En 1345, lassé des attaques de Jeanne, le roi de France ordonne que l'on ratisse la Manche afin d'éliminer définitivement cet élément perturbateur. Il y parvient un jour de tempête, Jeanne de Belleville se retrouve coincée par six navires du roi. Elle se résout à abandonner son équipage, et prend avec elle ses deux fils et quelques hommes à bord d'une chaloupe. Leur embarcation dérive pendant six jours, son plus jeune fils, Guillaume, meurt et elle est contrainte de jeter son corps à la mer. Ils finissent par atteindre les côtes bretonnes près de Morlaix, ville favorable au clan des Montfort. Elle s'associe à Jeanne de Flandre, épouse de Jean de Montfort, et décide de le faire évader du Louvre où il est emprisonné par le roi de France depuis quatre ans. L'évasion réussit mais malheureusement il meurt peu après en Angleterre. Les deux femmes s'exilent pour l'Angleterre accompagnées de leurs enfants, où ils sont sous la protection d'Edouard III. Le jeune Olivier, proche du roi, est fait chevalier quelques années plus tard. Il deviendra connétable de France. Il s'agit du membre de la famille de Clisson le plus connu, notamment pour sa cruauté au combat, qui lui vaut le surnom de boucher. 

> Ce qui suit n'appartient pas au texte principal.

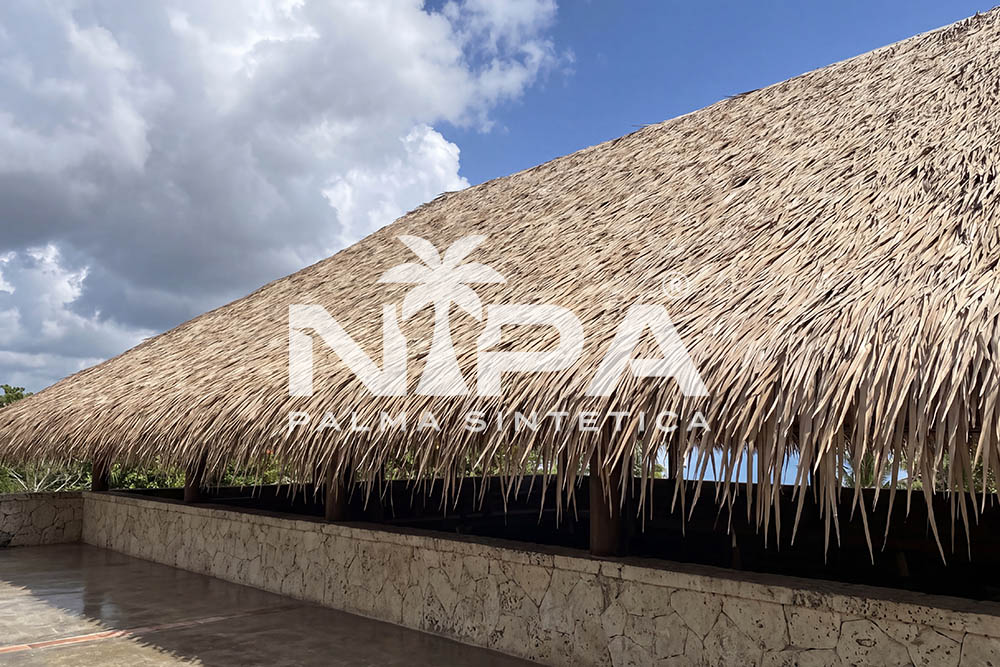Close-up of the eave line of a synthetic palm roof over a low stone wall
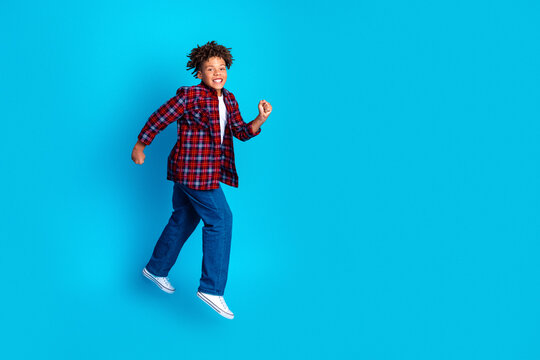 Happy boy jumping against bright blue background wearing plaid shirt, jeans and sneakers, energetic carefree child portrait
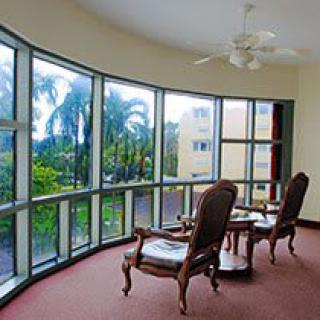 A cozy seating area with large glass windows overlooking lush palm trees.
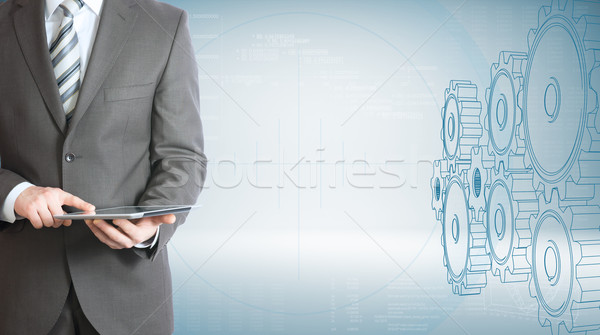 Businessman hold tablet pc. Gears and graphs Stock photo © cherezoff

La mort de Jeanne de Belleville en Angleterre

Jeanne de Belleville consacre la dernière partie de sa vie à tenter de récupérer ses biens et terres confisquées par le roi de France. Elle rencontre sire Walter de Bentley, lieutenant du roi en Bretagne, alors qu'elle participe activement aux réunions stratégiques concernant cette région. Elle le prend pour dernier époux aux alentours de l'an 1349, ce qui lui permet de récupérer ses terres et de se voir offrir d'autres domaines. Jeanne de Belleville décède en 1359, probablement en Angleterre, en dame respectée et puissante. Toute sa vie, elle aura suivi la devise de son armoirie : Pour ce qu'il me plest.

Œuvres en hommage à Jeanne de Belleville : film et livres

De noble dame à guerrière vengeresse, puis pirate des côtes bretonnes et normandes, la vie rocambolesque de Jeanne de Belleville a inspiré une série de livres, un film ainsi qu'un court-métrage. Les ouvrages Jeanne De Belleville, La Tigresse Bretonne d'Elie Durel et Jeanne de Belleville, le cœur flibustier d'Isabelle Pellé sont inspirés de sa vie. Une descendante de Jeanne, Astrid de Belleville, lui a consacré un mémoire de recherche. En 2022, un épisode de Secrets d'Histoire intitulé Jeanne de Belleville, pirate par amour lui est dédié. Figure indomptable et mal connue du grand public, Jeanne de Belleville est une personnalité féminine hors norme du Moyen- Âge.